The main reasons for this change have nothing to do with the Palestinians and Israel the core of American policy lies in Iran and Iraq. To counter Teherans rush to acquire illicit nuclear weapons, the US is attempting to construct a coalition that includes Saudi Arabia, Morocco, Bahrain and the United Arab Emirates, and perhaps even Syria. This anti-Iranian coalition, which is central for Israeli security and regional stability, is necessary because of the failure in Iraq and the weakening of American unilateral influence in the region. And in order to forge such an unusual political structure, the Arabs (particularly the Saudis) have demanded some progress in the Israeli-Palestinian sphere. And this torturous path has led to Annapolis.

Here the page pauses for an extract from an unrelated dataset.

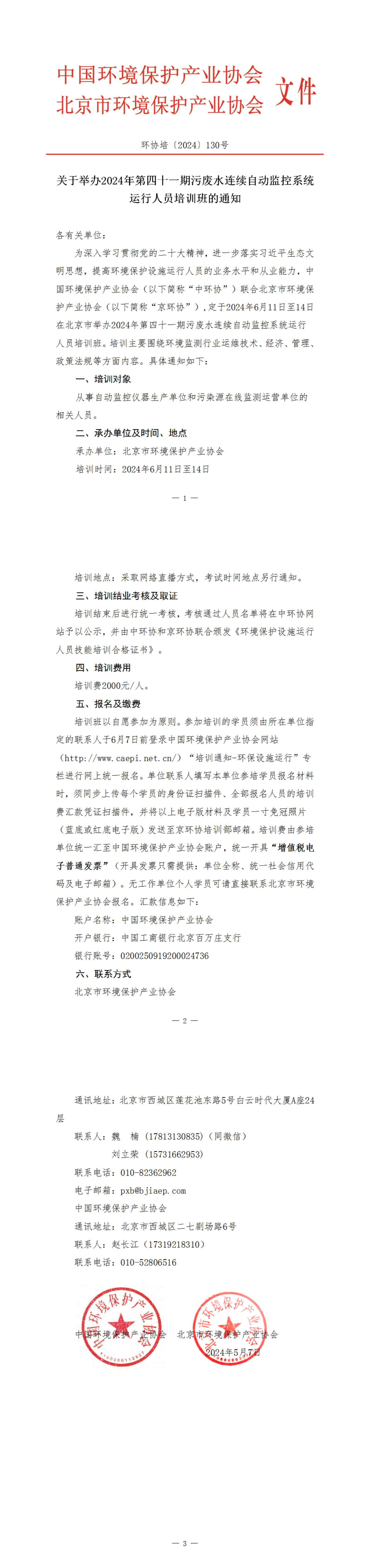 130、环协培130号（北京）2024年第41期自动水培训班_00.jpg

This is also the basis for assessing the success or failure of this effort — if the group picture includes a Saudi prince or senior minister, as well as other Arab rulers, Secretary of State Condoleeza Rice can declare success and use this framework to increase pressure on Iran, including the threat of a military strike. And if the Saudi presence is minimal, this will signify the final breath of the so-called “Saudi peace plan”, first presented in 2002, and largely forgotten for five intervening years.
Of course, the statements made by Prime Minister Olmert and Palestinian leader Abbas will also be of some importance at Annapolis. The initial and entirely unrealistic expectations for an immediate end to 60 years of Palestinian terror and incitement were never realistic. There is now some cautious hope that this rejectionism, as reflected by Arafat in the July 2000 Camp David summit, can start to be changed through a vague joint statement about resuming negotiations on the core issues. Abbas and what is left of his Fatah movement are too weak (or perhaps unwilling) to lead Palestinian society to discarding the myths of refugee claims and accepting the legitimacy of Israel as a Jewish state, in the context of a two-state solution.
Furthermore, while the American invitation, as well as the rhetoric and slogans to be heard at Annapolis, emphasize the endorsement of a Palestinian state, the reality on the ground demonstrates that this is also not realistic now. Hamas controls Gaza, and if the Israeli military were to leave the West Bank, the corrupt Fatah movement would have trouble holding on to anything outside Ramallah and perhaps Bethlehem. And media hype to the contrary, the events at Annapolis, including another release of terror suspects by Israel will not boost Abbas or Fatah. This power struggle will decided internally, and may require a federation with Jordan (whose leaders realize the dangers of a Hamas controlled region on their borders.)
Finally, it is worth noting the very low profile of Europe and Russia at Annapolis. Both of these would-be world powers talk incessantly about peace, and Tony Blair is promoting economic assistance that might eventually have some impact if the Palestinians, but this a minor factor. (Europe‘s counterproductive role is highlighted through its funding for the radical NGOs that promote conflict through demonization of Israel, and the failure of the 25 countries to stand up to incitement in the UN and elsewhere. And in Russia, Putin is reviving the glorious triumphs of the Cold War.)
Despite the widespread criticism of the Americans, and the Bush administration in particular, there is no one else on the world stage. If Annapolis succeeds, they will deserve the credit, and if it fails we will again quote Abba Eban on how the Arabs (including the Saudi rulers) never miss an opportunity to miss an opportunity.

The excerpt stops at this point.